Earlier this year I was at PyCon in the US. I had an interesting
experience there: people were talking about the problem of packaging
and distributing Python libraries. People had the impression that this
was an urgent problem that hadn't been solved yet. I detected a vibe
asking for the Python core developers to please come and solve our
packaging problems for us. I felt like I had stepped into a parallel universe. I've been using
powerful tools to assemble applications from Python packages
automatically for years now. Last summer at EuroPython, when this
discussion came up again, I maintained that packaging and distributing
Python libraries is a solved problem. I put the point strongly, to
make people think. I fully agree that the current solutions are
imperfect and that they can be improved in many ways. But I also
maintain that the current solutions are indeed solutions. There is now a lot of packaging infrastructure in the Python
community, a lot of technology, and a lot of experience.

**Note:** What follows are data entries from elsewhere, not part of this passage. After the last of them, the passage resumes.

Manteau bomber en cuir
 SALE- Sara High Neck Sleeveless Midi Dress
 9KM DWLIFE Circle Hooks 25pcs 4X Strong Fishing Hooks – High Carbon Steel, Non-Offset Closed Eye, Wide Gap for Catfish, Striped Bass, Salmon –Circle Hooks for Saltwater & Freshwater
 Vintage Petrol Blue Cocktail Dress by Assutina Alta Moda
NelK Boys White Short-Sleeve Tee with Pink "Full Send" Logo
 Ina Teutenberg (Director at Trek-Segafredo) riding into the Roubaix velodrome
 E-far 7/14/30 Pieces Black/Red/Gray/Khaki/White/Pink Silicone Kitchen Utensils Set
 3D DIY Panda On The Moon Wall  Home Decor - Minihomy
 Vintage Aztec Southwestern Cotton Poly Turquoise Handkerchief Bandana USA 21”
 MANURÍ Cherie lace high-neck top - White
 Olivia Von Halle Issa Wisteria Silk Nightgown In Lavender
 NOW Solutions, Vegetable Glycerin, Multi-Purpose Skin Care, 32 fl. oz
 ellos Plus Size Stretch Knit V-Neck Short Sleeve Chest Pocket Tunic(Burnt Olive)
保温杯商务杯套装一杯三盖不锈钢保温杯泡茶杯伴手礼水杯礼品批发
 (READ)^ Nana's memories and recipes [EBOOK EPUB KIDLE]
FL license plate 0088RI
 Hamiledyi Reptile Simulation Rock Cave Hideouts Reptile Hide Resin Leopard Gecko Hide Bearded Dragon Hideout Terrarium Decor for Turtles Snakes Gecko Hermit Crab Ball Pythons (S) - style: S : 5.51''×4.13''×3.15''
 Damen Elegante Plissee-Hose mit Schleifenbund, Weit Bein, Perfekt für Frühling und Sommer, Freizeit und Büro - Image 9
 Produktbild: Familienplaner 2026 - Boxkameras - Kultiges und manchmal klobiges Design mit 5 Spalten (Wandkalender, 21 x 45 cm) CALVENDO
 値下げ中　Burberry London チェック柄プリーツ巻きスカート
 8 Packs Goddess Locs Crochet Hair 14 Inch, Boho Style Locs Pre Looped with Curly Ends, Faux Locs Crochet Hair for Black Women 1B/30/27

I think that
for a lot of Python developers the historical background behind all
this is missing. I will try to provide one here. It's important to
realize that progress has been made, step by step, for more than a
decade now, and we have a fine infrastructure today. I've named some important contributors to the Python packaging story,
but undoubtedly I've also did not mention a lot of other important
names. My apologies in advance to those I missed. The Python world has been talking about solutions for packaging and
distributing Python libraries for a very long time. I remember when I
was new in the Python world about a decade ago in the late 90s, it was
considered important and urgent that the Python community implement
something like Perl's CPAN. I'm sure too that this debate had started
long before I started paying attention. I've never used CPAN, but over the years I've seen it held up by many
as something that seriously contributes to the power of the Perl
language. With CPAN, I understand, you can search and browse Perl
packages and you can install them from the net. So, lots of people were talking about a Python equivalent to CPAN with
some urgency. At the same time, the Python world didn't seem to move
very quickly on this front... The Distutils SIG (special interest group) was started in late 1998.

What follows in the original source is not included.